#### Exercise materials ####

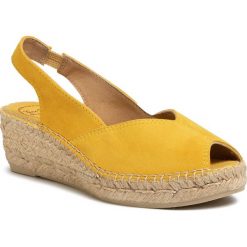 Espadryle TONI PONS - Bernia-A Groc. Żółte espadryle damskie Toni Pons, w grochy, ze skóry, bez obcasa, na obcasie. Za 269,00 zł.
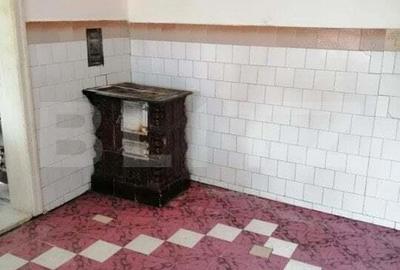 Casa de 2 camere curte proprie zona Gutenberg - 5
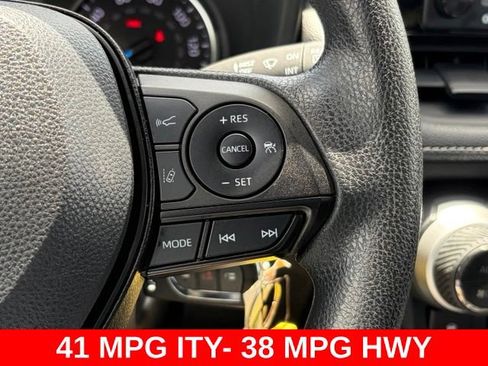 Used 2022 Toyota RAV4 LE AWD/4WD image 21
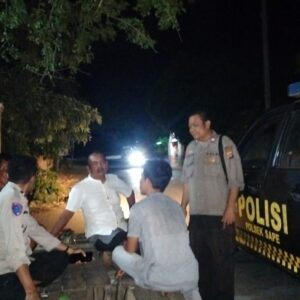 Polsek Sape Intensifkan Patroli Dialogis, Ajak Masyarakat Jaga Keamanan Lingkungan
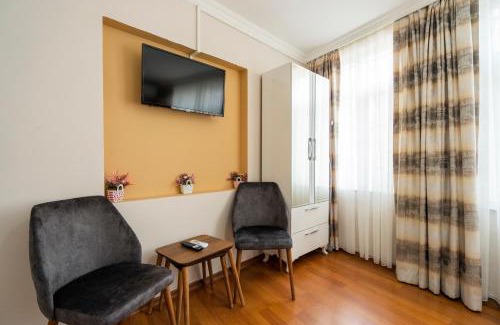 Emin Sinan Villa | Blue Mosq- Three Storey Detached Villa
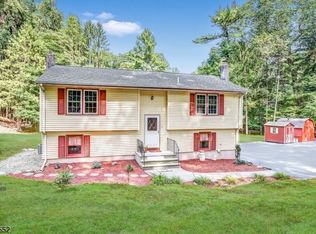 112 Dale Rd, Ringwood, NJ 07456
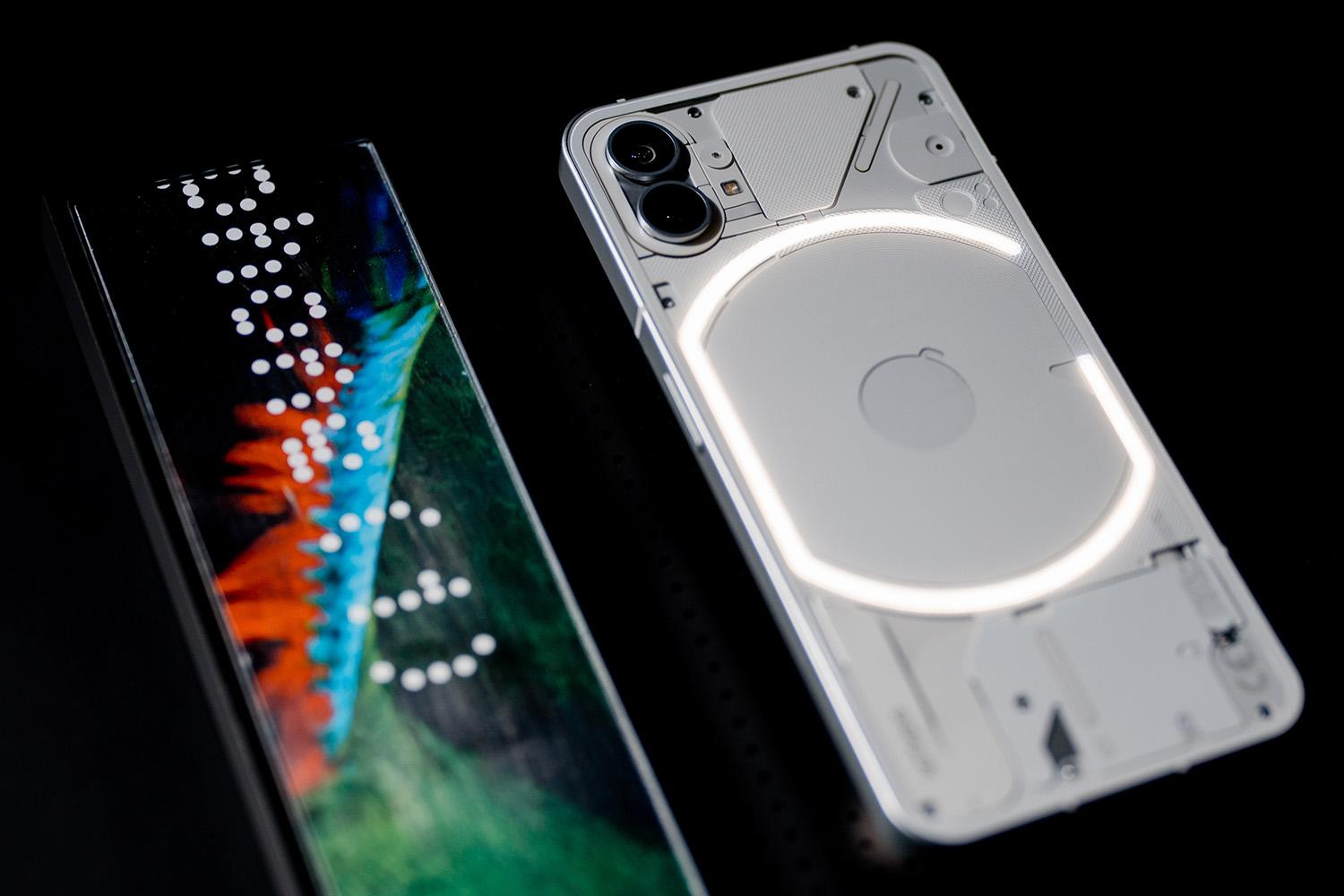 Nothing Phone 1 finally makes its way to US with beta program | Stuff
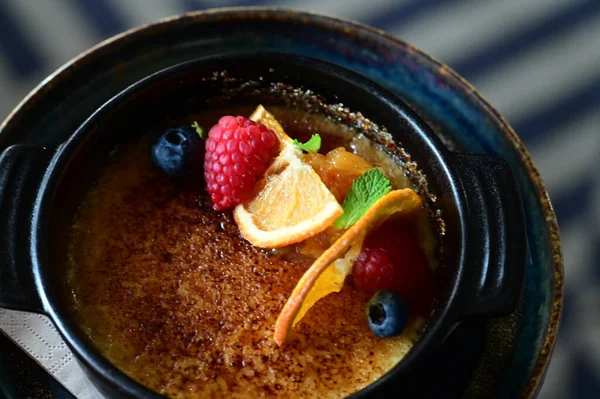 Tarçın, nane ve böğürtlenli bir fincan sıcak kahve.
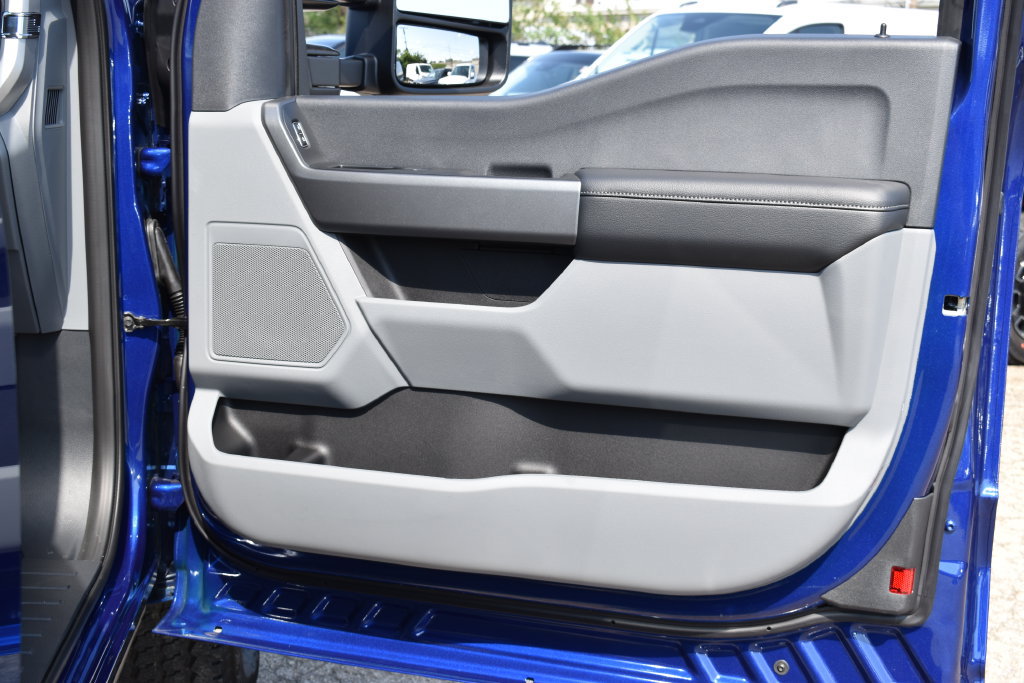 New 2026 Ford F250 XL w/ STX Appearance Package AWD/4WD image 33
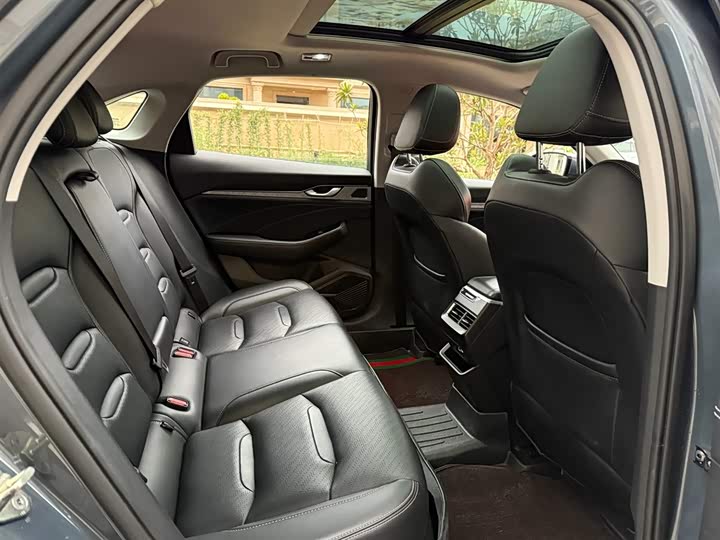 Фото 6 - Geely Preface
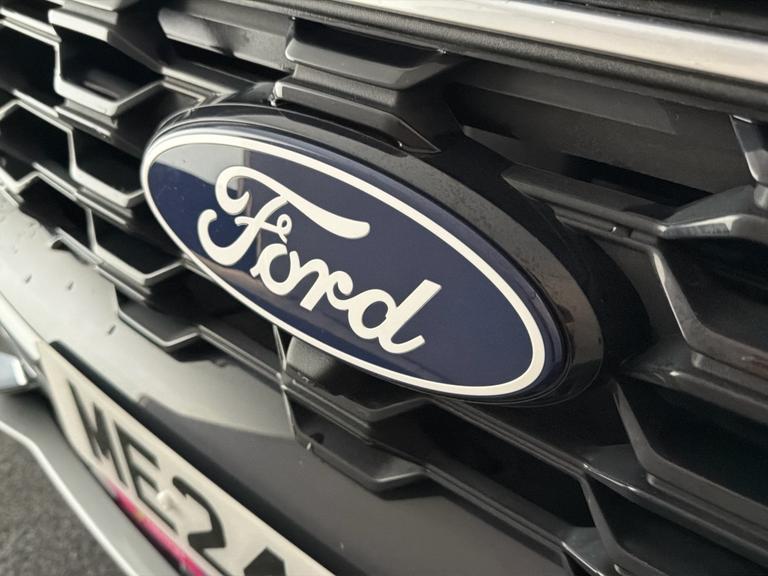 Ford KUGA Photo bsapi-1f8876f53d653c3d99d4dcbf043e0e05cf15e2d2.jpg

####

■ Exercise prompt: Give back exactly the lines from the line with "Polsek Sape Intensifkan" through the end of the records, both included; keep all pictures out.

■ Written solution:
 Polsek Sape Intensifkan Patroli Dialogis, Ajak Masyarakat Jaga Keamanan Lingkungan
 Emin Sinan Villa | Blue Mosq- Three Storey Detached Villa
 112 Dale Rd, Ringwood, NJ 07456
 Nothing Phone 1 finally makes its way to US with beta program | Stuff
 Tarçın, nane ve böğürtlenli bir fincan sıcak kahve.
 New 2026 Ford F250 XL w/ STX Appearance Package AWD/4WD image 33
 Фото 6 - Geely Preface
 Ford KUGA Photo bsapi-1f8876f53d653c3d99d4dcbf043e0e05cf15e2d2.jpg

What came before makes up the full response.